Margarine sales drop slightly, but brands remain popular
Fewer Australians are buying margarine than they were five years ago, but the two most popular brands, Flora and Meadow Lea, have remained favourites, according to new findings from market research organisation Roy Morgan Research.
In 2012, 39 per cent of Australians aged 14 or over bought margarine in an average four-week period, down from 42 per cent in 2008. But margarine is still the most popular table spread, according to the research, ahead of butter.
Flora remained the most popular brand, with 12 per cent of Australians buying the brand in an average four-week period – the same as in 2008. Meadow Lea also retained its 2008 levels, with 8 per cent of Australians opting for the brand in 2012.
Supermarket brands were the third most popular margarine, having grown in popularity from 5 per cent in 2008 to 7 per cent in 2012. Vegan-friendly brand Nuttelex ranked fifth across the country in 2012, up from sixth position in 2008.
“Over the last five years there has been a small decline in the proportion of Australians purchasing margarine in an average four-week period,” said Norman Morris, Industry Communications Director for Roy Morgan Research.
“It is still the top category of table spread (ahead of butter, bought by 33 per cent of Australians in an average four-week period in the year to 2012, up from 32 per cent in 2008), and most of the popular brands have maintained their market share,” Mr Morris said.

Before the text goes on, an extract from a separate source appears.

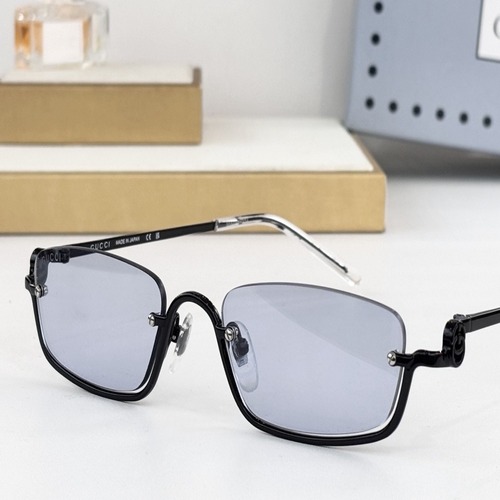GUCCI 구찌 슬림 렉탱귤러 메탈 선글라스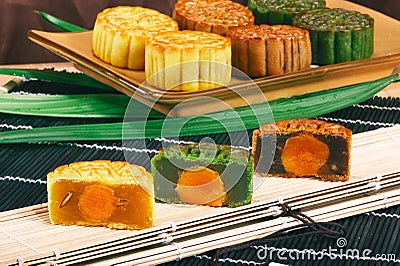 Chinese moon cake Stock Photo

Margarine preferences by State
Flora was the most popular margarine brand in each State in 2012, with Meadow Lea following in every State except Queensland.
In Queensland, supermarket brand margarine was the second most popular, with 9 per cent of Queenslanders having bought it in an average four-week period, in contrast to only 7 per cent of shoppers nation-wide.
Olive Grove brand margarine was the fourth most popular brand in most States, except in Western Australia, where it was the third most popular, beating the supermarket brands.
“It’s interesting to note the differences in brand preference between the States, with a higher percentage of Queenslanders buying supermarket brands than other states, and Darwin/Alice Springs residents more likely to purchase Nuttelex,” Mr Morris said.
“Manufacturers need to understand not just the State differences but also the detailed profiles of their customers and competitors if they are to maintain their market share in the future,” he added.